▸ **EXERCISE**: Beneath this line are the data; copy exactly the part of them that opens with the line containing "Slip de baie" and closes with the line containing "Lluvias en Iztapalapa", and only that part.
[[ SUPPLIED ENTRIES, beginning ]]
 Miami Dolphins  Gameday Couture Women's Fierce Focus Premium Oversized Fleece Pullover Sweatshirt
[[ SUPPLIED ENTRIES, end ]]
[[ SUPPLIED ENTRIES, beginning ]]
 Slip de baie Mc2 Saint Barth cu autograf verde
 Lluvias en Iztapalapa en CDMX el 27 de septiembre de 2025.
[[ SUPPLIED ENTRIES, end ]]
[[ SUPPLIED ENTRIES, beginning ]]
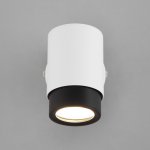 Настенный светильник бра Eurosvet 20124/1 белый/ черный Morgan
[[ SUPPLIED ENTRIES, end ]]
▸ **WRITTEN SOLUTION**:
 Slip de baie Mc2 Saint Barth cu autograf verde
 Lluvias en Iztapalapa en CDMX el 27 de septiembre de 2025.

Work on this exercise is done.